Can a experienced competitor tell me the age of most of the cubers in compititions? Just wondering because being 10, and being surrounded by 20 year olds isn't low stress, considering my times are around the same as theres. (Or will be in around 3 Weeks)


----------



## pcharles93 (Jul 20, 2008)

It's mostly 12-18 year olds. The biggest cluster at Cinci Spring Open was 15-17.


----------



## *LukeMayn* (Jul 20, 2008)

I'm 14 and I also think that (like pcharles) most are 15-20


----------



## pcharles93 (Jul 20, 2008)

There are of course veterans of cubing such as Mike Hughey and Bob Burton. Those ages are everywhere. It is mostly teenagers though.


----------



## hawkmp4 (Jul 20, 2008)

I'm hoping to compete soon. I'm 17 and it seems that the 16-18 year range is pretty common.


----------



## UMichSpeedCubist (Jul 20, 2008)

pcharles93 said:


> There are of course veterans of cubing such as Mike Hughey and Bob Burton. Those ages are everywhere. It is mostly teenagers though.

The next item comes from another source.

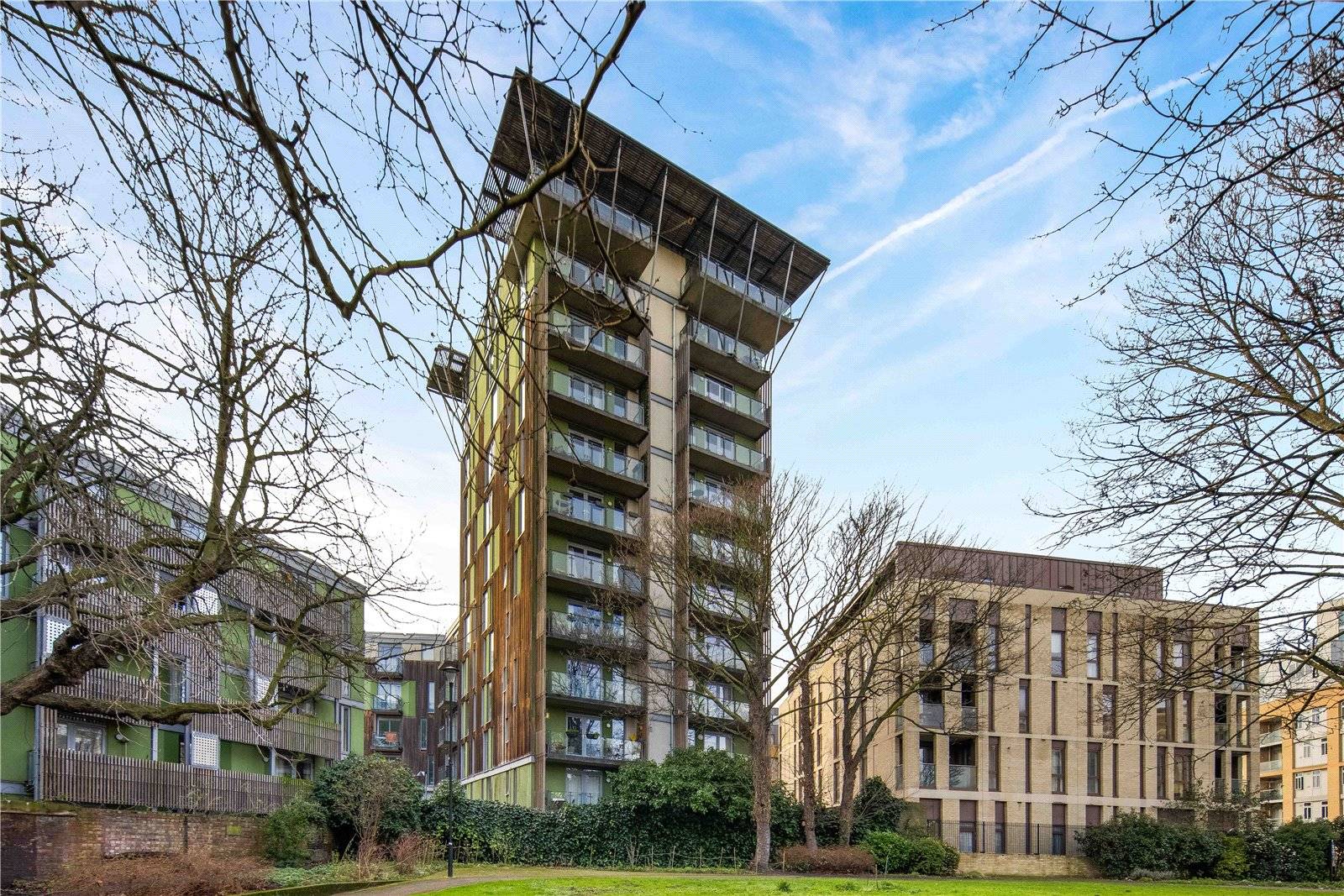 Flat Wharf Lane in Greater London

Who is Mike H.? WCA lists his first comp as US Open '07, so how does that imply veteran? Anywho, most of the veterans are fairly invisible in the community now that it's over run by teenagers, I think. But it does seem like all the new cubers come from the really young age bracket.

So what does "cubing veteran" even mean? I don't think it's ever been defined. Cuz there's all those that cubed in the early 80s - back in the craze. And then there are a small handful that were "active" between when it died out and 1997 when it started back up again. And then there is the 1997-1999 range of second revolution cubers (like Hardwick).

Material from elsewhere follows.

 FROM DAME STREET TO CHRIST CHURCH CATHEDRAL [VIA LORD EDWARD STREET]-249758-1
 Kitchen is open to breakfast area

From 2000-2003, was like the Macky-era, which I like to think of as "the golden era of cubing" because that was when everything re-launched and truly took off. Incidentally, this was when Bob started, ...and I believe FrankM shortly after. But most importantly the bulk of current experts rose from that period. Yet, a few of the people who started then have retired as well.

After about 2003, I lose track cuz then there was just a constant stream of newcomers - many of which became instant experts or very fast overnight. And then nowadays.. fast is never fast enough.


----------



## Kenneth (Jul 20, 2008)

UMichSpeedCubist said:


> Who is Mike H.? WCA lists his first comp as US Open '07, so how does that imply veteran?



Veteran because he is oooold, even older than me 

The subject was about peoples age, not the length of their cubing carrier.


----------



## JBCM627 (Jul 20, 2008)

Kenneth said:


> UMichSpeedCubist said:
> 
> 
> > Who is Mike H.? WCA lists his first comp as US Open '07, so how does that imply veteran?
> ...



There is an interview on him in here, too 
http://www.speedsolving.com/index.php?pageid=interviews

I'd say he's had a long enough carreer...


----------



## KConny (Jul 20, 2008)

Wow, nice interveiws. Keep 'em comming, srsly! (to who(m?) ever wrote them)


----------



## Ton (Jul 20, 2008)

Average age at Czech Open was 21.38, the youngest was just 13 and oldest 47 (me). Most common age was 17-18. 
I gues the average age is about 21, and most cubers are between 16 and 19
To have the exact data of all competitors, Stefan knows


----------



## Tim_Likes_Cubing (Jul 20, 2008)

I'm 14, but I want to get a lot better before I start competing. Mind you, I've onl;y been going a month.


----------



## joey (Jul 20, 2008)

Compete straight away.


----------



## Henxu (Jul 20, 2008)

I think (like all) that almost nowadays speedcubers are teenagers, i don't know why  I'm 14 and I started around 6 months ago xd


----------



## ErikJ (Jul 20, 2008)

I'm 17 and I don't see myself quitting competitions for a long time.


----------



## n00bcubix (Jul 20, 2008)

I'm 11 and I think most are 13-18ish.


----------



## popopopolo (Jul 20, 2008)

I am 18.The most in China are 14~22.Them majority are middle school students.


----------



## Lotsofsloths (Jul 20, 2008)

I am going into my last year at middle school 8th grade..
I am 13..
Most people are like in high school.


----------



## Mike Hughey (Jul 22, 2008)

Yeah, I'm oooold, like Kenneth says. I wouldn't consider myself a "veteran cuber" at all, though, since I wasn't in the cubing scene at all back in the early 80's - I just solved it a little at home back then. I'm a relative newcomer to the scene.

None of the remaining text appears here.